Spanish Justice Minister proposes restricting abortion for babies with disabilities

A beautiful gift

Speaking out for the most vulnerable among us.

According to the Associated Press, Justice Minister Alberto Ruiz-Gallardón of Spain “has said he will ask Parliament to change the existing law” on abortion in his nation. Two short years ago, Spain – then under socialist rule – liberalized its abortion policies. Gallardón intends to ask Parliament to reverse this expansion of abortion in Spain and, instead, extend the right to life to more unborn children.

Gallardón believes all of these people have an equal right to life. Photo credit: Jay Baker, at the Maryland Developmental Disabilities Coalition

Perhaps the most controversial – and one of the biggest – changes Gallardón is proposing is a possible ban on abortions that are done solely based on a defect or disability in the child. An Australian news agency reports, “The proposed laws would make the procedure illegal in cases where the foetus is deformed.” Bloomberg Businessweek has a different take: the proposed laws would “make it harder for women to abort fetuses with physical deformities.” It remains to be seen if Gallardón will ask for a ban on these abortions or for restrictions on them.
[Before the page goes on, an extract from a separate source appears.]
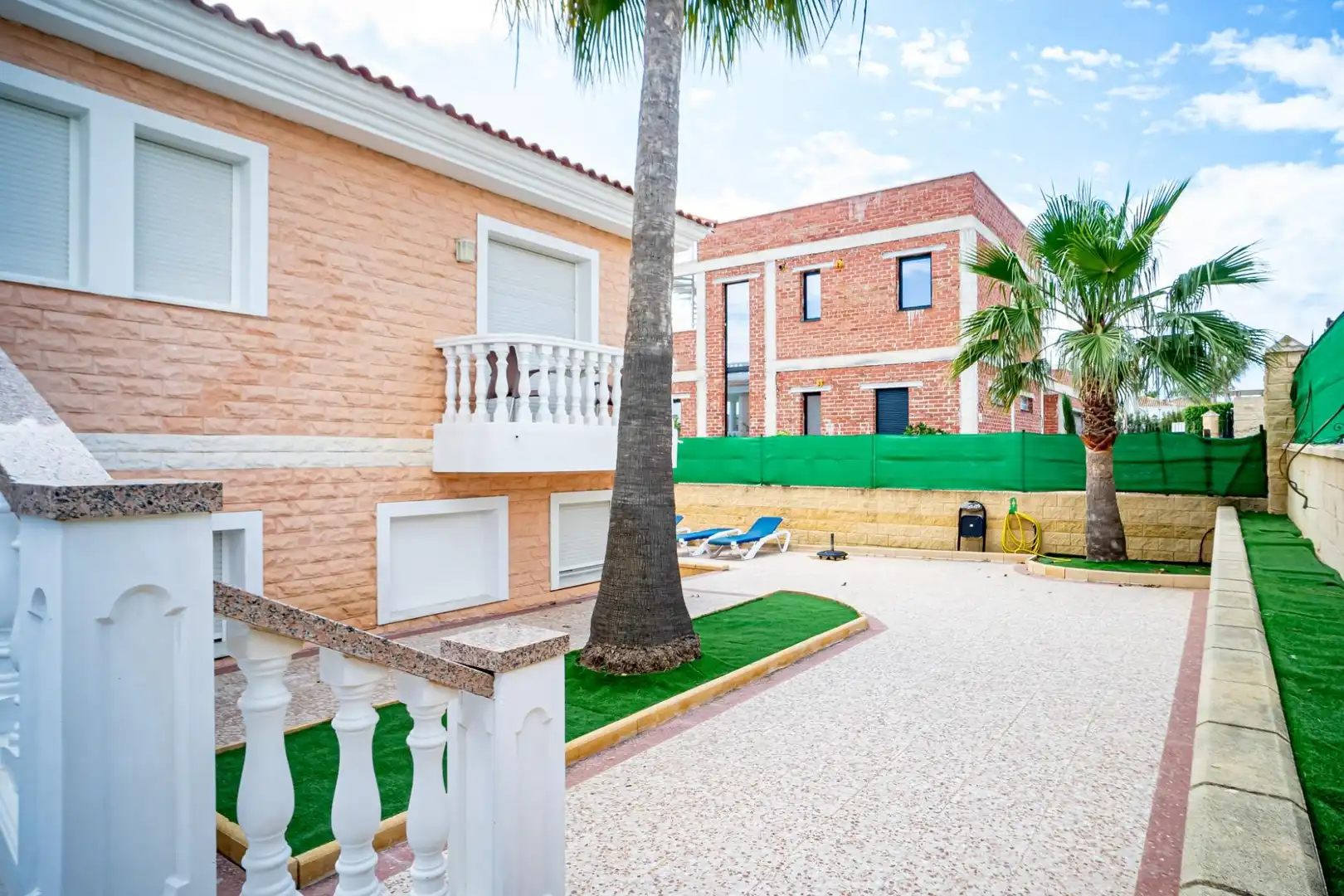 Exterior view of Houses for sale in L'Alfàs del Pi  with Air Conditioner, Heating and Private garden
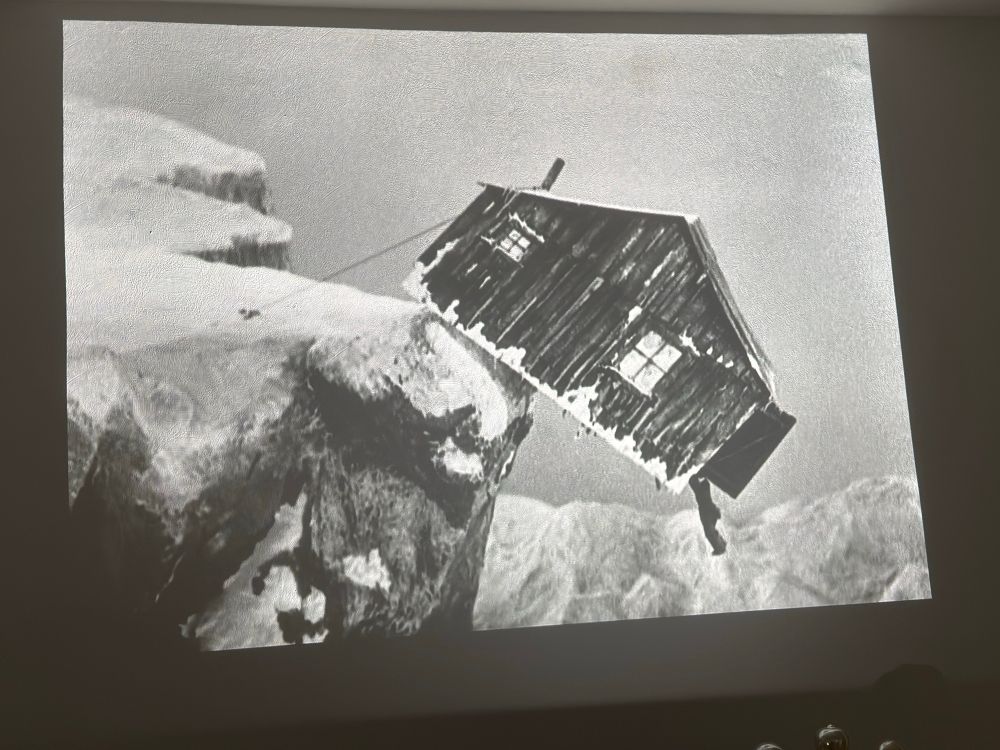 La scène mythique de la cabane au bord de la falaise dans La ruée vers l’or de Chaplin.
Either way, he has taken a courageous stand on the side of those who suffer from disabilities.

In an interview with La Razón, Gallardón stated:

I do not understand that it [the current law] prevents a fetus to live by allowing abortion, for the simple fact that he suffers from a disability or deformity.

Gallardón highlighted the inconsistencies of the United Nations when he referred to their apparent support for people with disabilities: he referred “to the texts of the UN and Article 10 of the Convention on Disability Rights, which reaffirms the need ‘to adopt all necessary measures to guarantee their rights to people with disabilities.'” The president of Spain’s association of clinics that specialize in abortion and one of the men who wrote the liberalized 2010 abortion law, Barambio Santiago, disagreed with Gallardón:

[T]he UN in all international conferences, all the health agencies of the UN, the World Health Organization, the Council of Europe, say not to restrict abortion.

Of course, the U.N.’s position on abortion is indeed an international problem. On one hand, they speak out on behalf of people with disabilities and on behalf of children’s rights. Yet on the other hand, the U.N. is one of the biggest international supporters of abortion. (I discuss the U.N.’s betrayal of children, despite their claims, in this article.)

Sadly, The Australian reports that 81 percent of Spaniards oppose banning abortions performed on babies with disabilities. It is unknown whether this poll is accurate, because it was “published overnight in left-wing newspaper El Pais.”

However, The Australian also reports that many who would be expected to support the inherent right to life of all human beings also reject Gallardón’s proposal.

[T]he reform was rejected by 65 per cent of those who said they voted for the Popular Party [Gallardón’s party] in a general election last year as well as by 64 per cent of those who define themselves as practicing Catholics.

While it is excellent news that Spain’s leader – Justice Minister Alberto Ruiz-Gallardón – is taking a courageous stand on behalf of unborn babies with disabilities, it is a sad note on the state of the world that many of his people disagree with him. We can only hope and pray that the Spanish Parliament agrees with Gallardón and recognizes the right to life of those who are arguably the very most helpless and targeted among us. Many times, doctors tell parents that a baby has a defect, and yet, when the baby is born, there is nothing wrong at all. How many babies like this have been aborted? The bottom line, however, is that with or without a defect, every baby is equally precious and equally deserving of the right to live.